BEGIN Data for the task

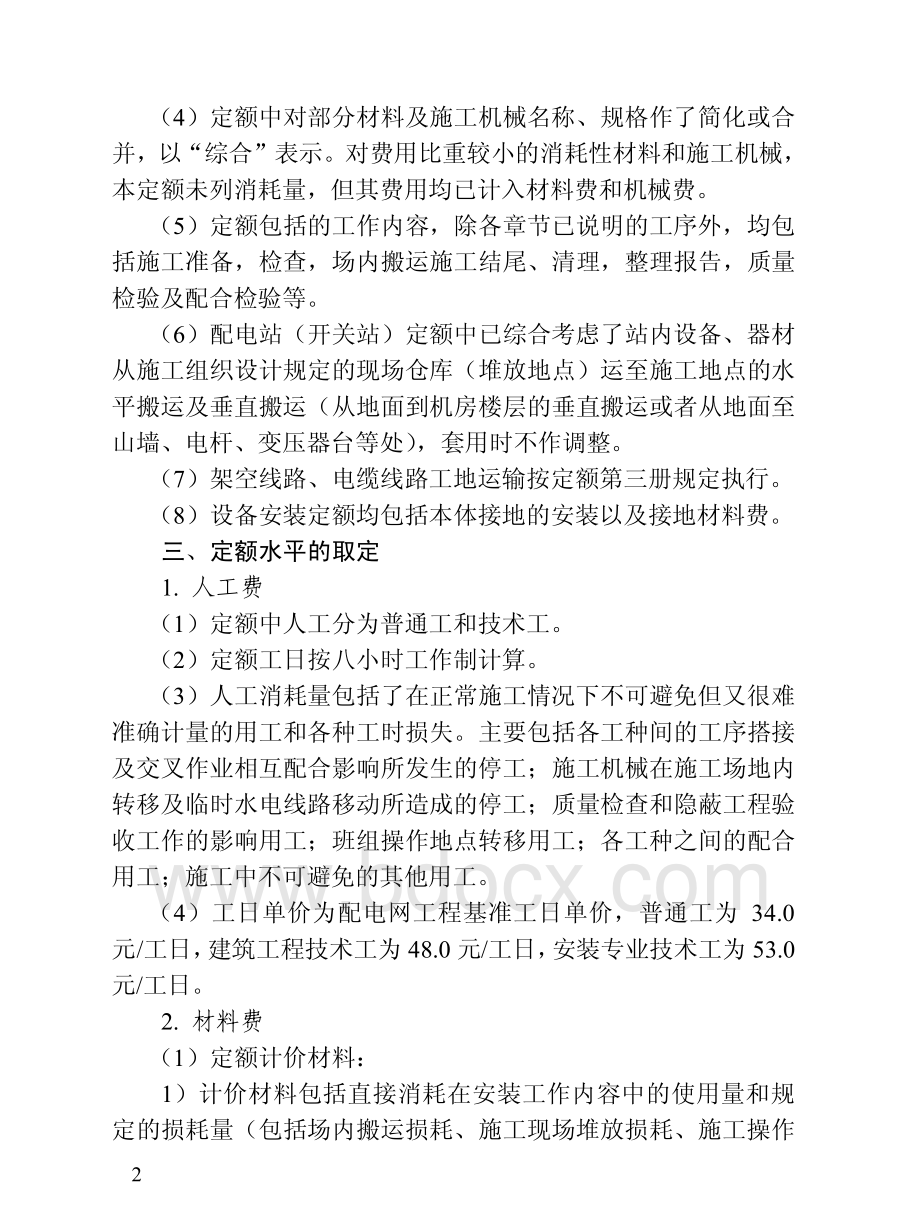 20KV及以下配电网工程预算定额使用指南(全).pdf_第2页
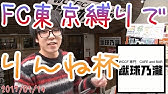 Wccf 久々すぎる真 神袋 トレッカ ダブシ Youtube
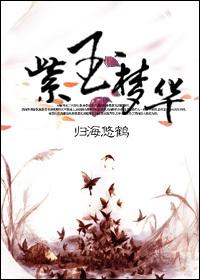 紫玉几岁了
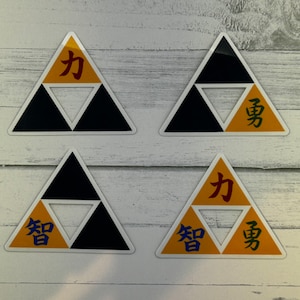 Zelda Triforce w/ Kanji Stickers - Vinyl Die-Cut Stickers - The Legend of Zelda - Triforce of Power / Courage / Wisdom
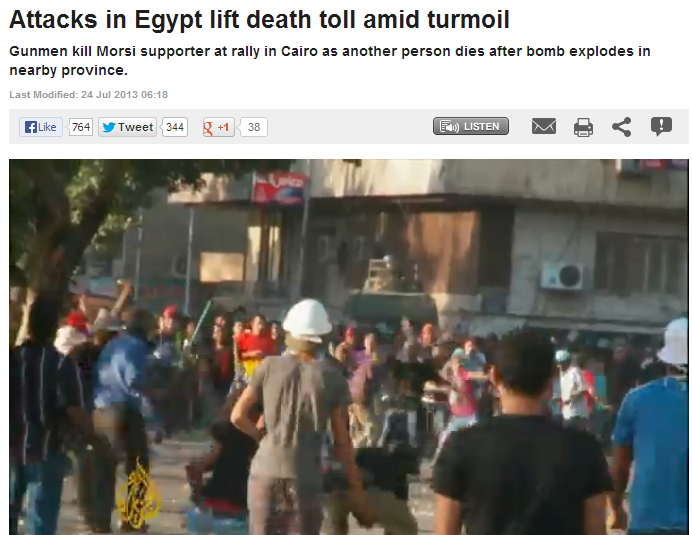 Egypt death toll climbs 24.7.2013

END Data for the task

* What you should do
In the copy, each entry above must match exactly, and no picture may be carried over.

* Answer area
 20KV及以下配电网工程预算定额使用指南(全).pdf_第2页
 Wccf 久々すぎる真 神袋 トレッカ ダブシ Youtube
 紫玉几岁了
 Zelda Triforce w/ Kanji Stickers - Vinyl Die-Cut Stickers - The Legend of Zelda - Triforce of Power / Courage / Wisdom
 Egypt death toll climbs 24.7.2013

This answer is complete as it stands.